En 1508, également, s’il faut en croire MM. Burckhardt et Bode, aurait pris naissance le merveilleux tableau de la galerie Borghèse, pour lequel un amateur parisien a offert récemment la somme fabuleuse de six millions : l’Amour sacré et l’Amour profane. Il est impossible de rendre avec des mots le charme et l’éloquence des lignes, l’éclat du coloris, ces tons si chauds et si suaves, qui plongent l’œil dans un océan de délices.

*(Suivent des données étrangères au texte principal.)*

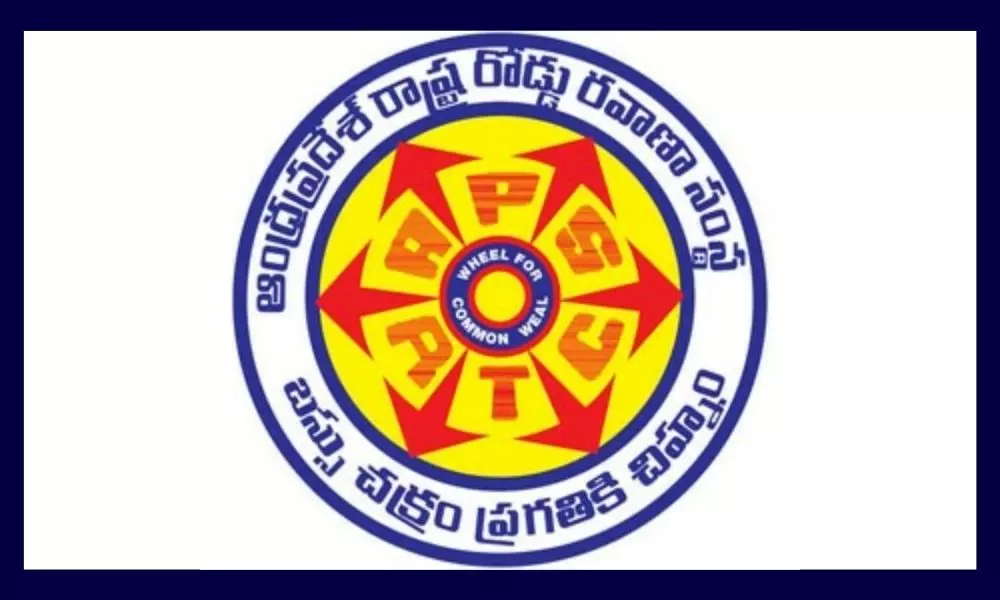 AP Govt Decided to Provide Corporate Insurance Facility to RTC Employees | Good News For APSRTC Employees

Et que de motifs charmans dans cette allégorie, vis-à-vis de laquelle on se sent à peine le courage de s’enquérir de l’idée mise en œuvre par le peintre ! S’agit-il du vrai amour et de la coquetterie, des vierges sages et des vierges folles ? Cette dernière hypothèse a pour elle la présence d’une lampe entre les mains d’une des deux héroïnes. Peu importe. On oublie tout devant la magie des figures et du paysage.

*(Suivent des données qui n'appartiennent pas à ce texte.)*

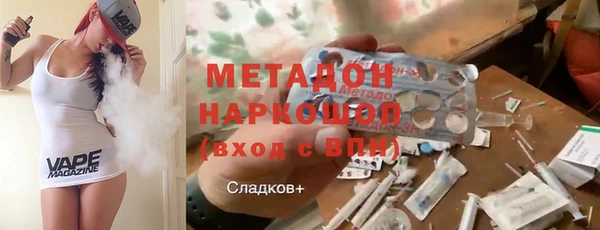 винт Верхний Тагил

La composition se distingue par une liberté qui aurait pu faire envie à Giorgione. D’un côté, une femme, aux riches atours, aux cheveux blonds flottans, est assise nonchalamment sur le bord d’un bassin, en forme de sarcophage, dans lequel un Amour plonge le bras ; une de ses mains, gantée, repose sur ses genoux ; l’autre, nue, s’appuie sur un vase ; sa physionomie trahit la lassitude, presque l’ennui, et la rose effeuillée jetée à côté d’elle peut à cet égard passer pour le symbole de son état d’âme. À l’extrémité opposée du bassin se tient, moitié debout, moitié assise, une seconde femme, nue à l’exception d’une draperie qui flotte sur son bras gauche et qui recouvre son sein : élevant d’une main une lampe allumée, elle se tourne, comme pour l’exhorter ou l’implorer, vers sa compagne, mais celle-ci fait la sourde oreille. Ses traits respirent autant de douceur que de noblesse (dès cette époque le Titien savait donner à ses physionomies l’expression la plus touchante). Le bouquet d’arbres qui s’élève derrière la fontaine sert à faire ressortir les carnations éclatantes des deux héroïnes. Au fond s’étend un paysage fouillé plutôt que disposé par grandes masses : on y compte deux villages, de nombreuses collines, une foule de figures, deux lapins qui grignotent, un berger et son troupeau, des chasseurs.

Prenons note de cet amour du détail ; le Titien ne devait pas tarder à simplifier, à résumer, à condenser et à créer des paysages qui seront dramatiques, même en l’absence de personnages.